My Learning Curve: “Will There be Food There?”

Last Friday night was the University Christmas concert and Aunt Michele invited the girls to go.  In general, they are excited to go nearly anywhere and do just about anything, and they love Aunt Michele.  They also love to stay up past their bedtime, so  I thought they would be thrilled.

Kalkidan’s first response was, “Will there be food there?”

“No,” I told her,” It’s a concert where there will be lots of music, but they won’t serve food.”

“But I’ll be hungry.”

“We’re going to have a big dinner before you leave, so I don’t think you’ll be hungry.”

“Can I take a snack?”

Envisioning a granola bar tucked in her pocket, I said, “Sure, that’s a good plan.”

I continued cooking dinner as she went in the pantry to find a snack.  She emerged with a gallon ziploc bag containing three granola bars, a small bag of toffee peanuts left over from a road trip, and two Hershey bars, the remnants of summer s’mores, dug out from the back of the cupboard.  She explained that she was packing snacks for Claire, Beza, and their friend, too.

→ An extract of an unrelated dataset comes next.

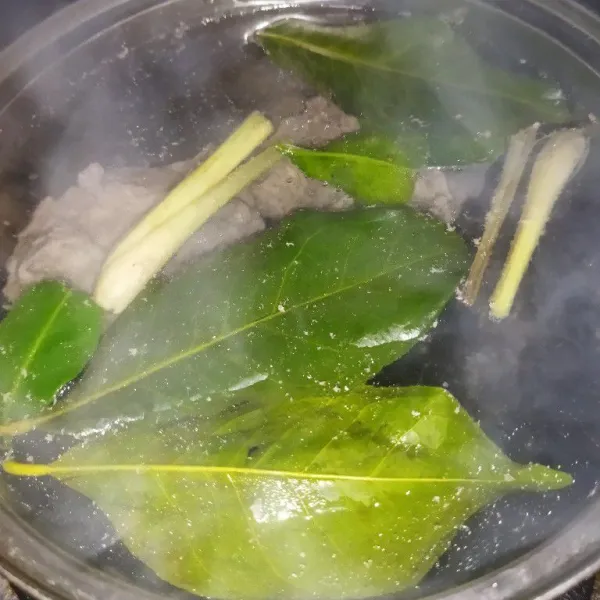 Masak air hingga mendidih, lalu masukkan daging sapi, jahe, daun salam, daun jeruk dan serai, tutup pancinya, rebus hingga daging empuk.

Resisting the urge to make her put half of it back, I laughed a little, and said it was fine.  I knew she wouldn’t eat much of it (and she didn’t), but I also understood that she felt safer taking her own supply of food.

The trauma of the extreme hunger Kalkidan experienced in her early life has made a deep imprint on her, and that saddens me. But I also feel very proud of Kalkidan. She knows her needs, she has “voice” (or the ability to express her need), and she made a plan for herself by packing her own food.  Not only that, she thought of her sisters and friend and packed food for them as well.

That is progress, my friends, true progress.

#521 – 530 giving thanks

walking in the cold with Russ Saturday night

Christmas lights on houses

holding hands

fellowship around the table at Signe’s house

singing O Come, O Come Emmanuel and God Rest Ye Merry Gentlemen after dinner

time spent with Mimi yesterday

friends who ask for help and our joy in serving them

the third Sunday of Advent – one more candle lit on our table

waking early Sunday morning to put a roast in the oven

an early morning email from Sweet Pea

Books that help us understand our children from “hard places”:

[This post contains Amazon Affiliate links. As an Amazon Associate I earn from qualifying purchases.]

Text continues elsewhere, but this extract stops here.